Here’s how secret voice commands in YouTube videos could hijack your smartphone
Kitten videos are harmless, right? Except when they take over your phone.
Researchers have found something new to worry about on the internet. It turns out that a muffled voice hidden in an innocuous YouTube video could issue commands to a nearby smartphone without you even knowing it.
Voice recognition has taken off quickly on phones, thanks to services like Google Now and Apple’s Siri, but voice software can also make it easier to hack devices, warned Micah Sherr, a Georgetown University professor and one of the paper’s authors.

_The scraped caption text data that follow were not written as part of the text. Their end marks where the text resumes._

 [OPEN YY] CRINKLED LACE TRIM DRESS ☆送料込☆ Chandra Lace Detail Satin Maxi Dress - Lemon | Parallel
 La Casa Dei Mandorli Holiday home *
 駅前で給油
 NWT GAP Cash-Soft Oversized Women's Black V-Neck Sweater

The team found that they could mangle voice commands so that humans can barely recognize the words but software still can. The result condenses the words into a demonic growl.

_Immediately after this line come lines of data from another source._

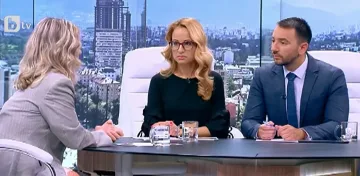 Коя дама сяда на стола на Хекимян?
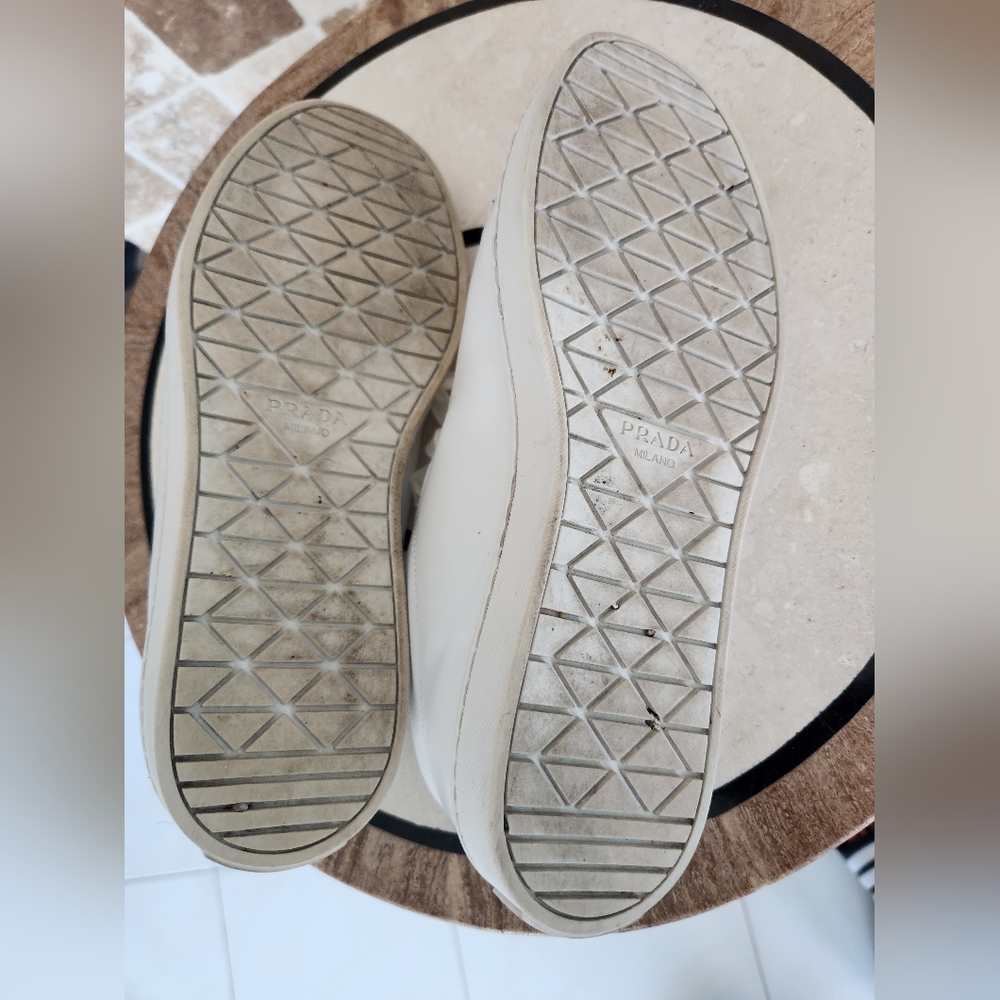Prada classic Men's or women's sneakers - Picture 6 of 7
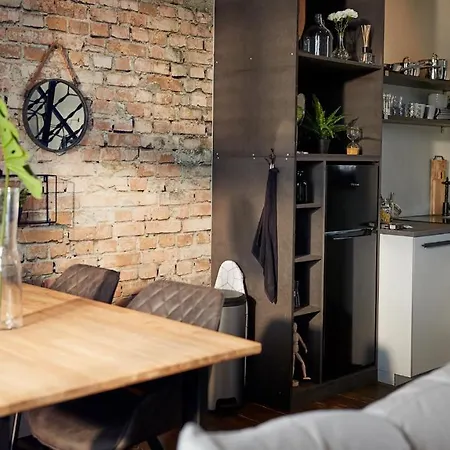 Huisjes Aan De Amstel - Your Away From *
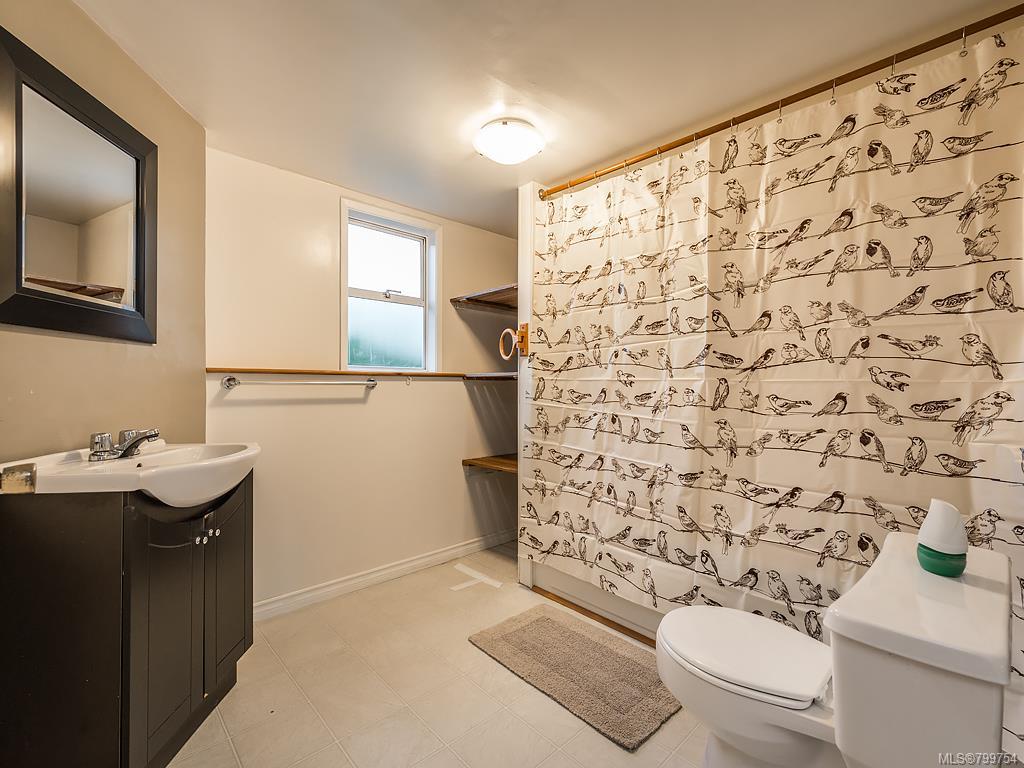 3291 Megaw Pl, Saanich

“Ok Google, Open XKCD.com,” the voice says, and a nearby phone opens that URL.
It’s easy to imagine how a hacker could direct a phone to a website containing malware, or instruct the phone to take a photo.
It might not work every time, but it’s a numbers game. If a million people watch a kitten video with a secret message embedded, 10,000 of them might have have their phone nearby. If 5,000 of those load a URL with malware on it,”you have 5,000 smartphones under an attacker’s control,” Sherr said in a statement.
If the hackers know the ins and outs of the voice recognition software itself, and know its internal workings. they can create voice commands that are even harder to decipher by humans.